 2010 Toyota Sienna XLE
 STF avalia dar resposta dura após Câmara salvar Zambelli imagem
==
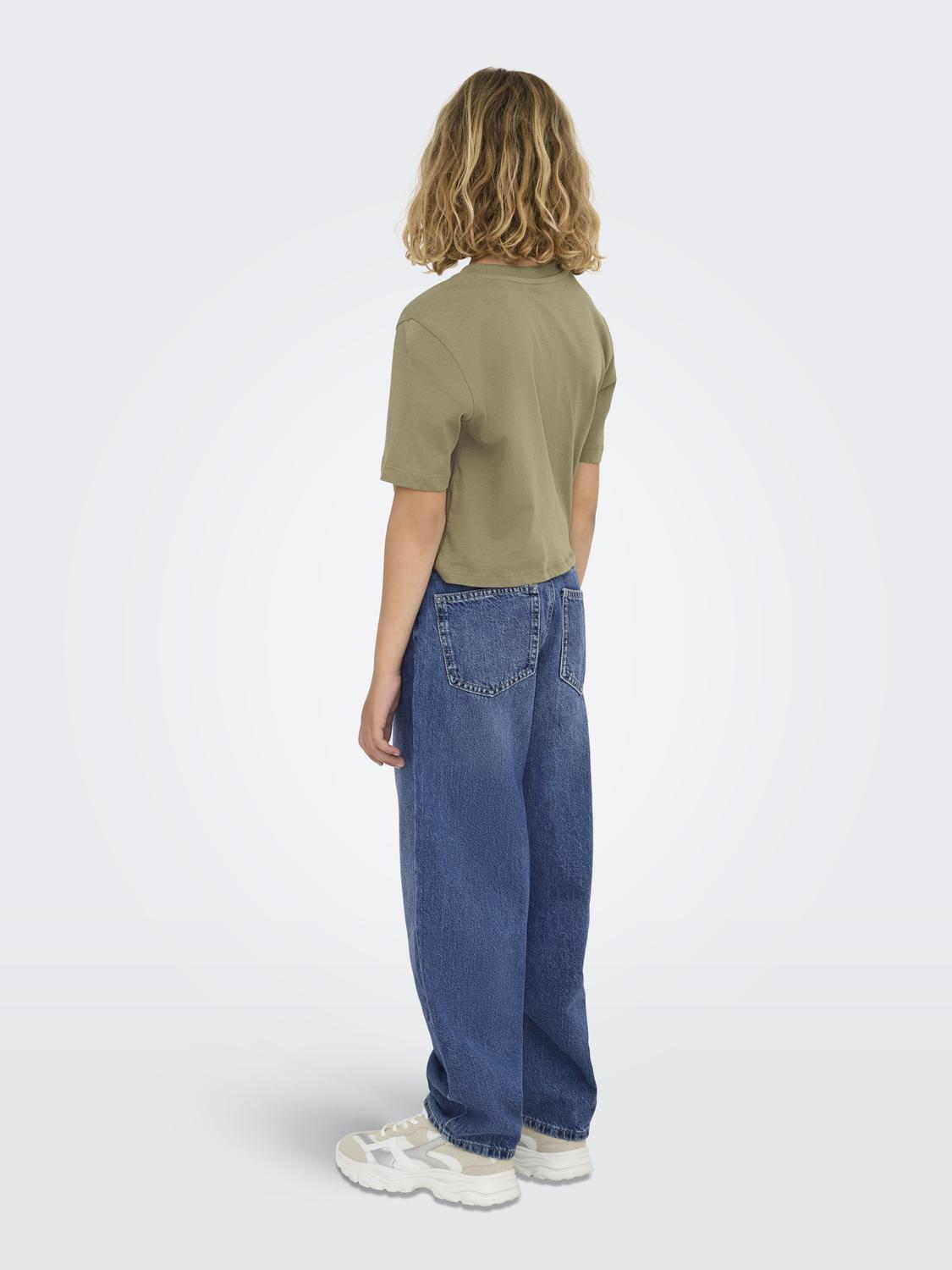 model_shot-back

_TASK TO COMPLETE:_
Once you find the line with "2010 Toyota Sienna XLE" in the entries above, output it and each line after it up to and including the line with "STF avalia dar", and nothing else.

_TASK RESPONSE:_
 2010 Toyota Sienna XLE
 STF avalia dar resposta dura após Câmara salvar Zambelli imagem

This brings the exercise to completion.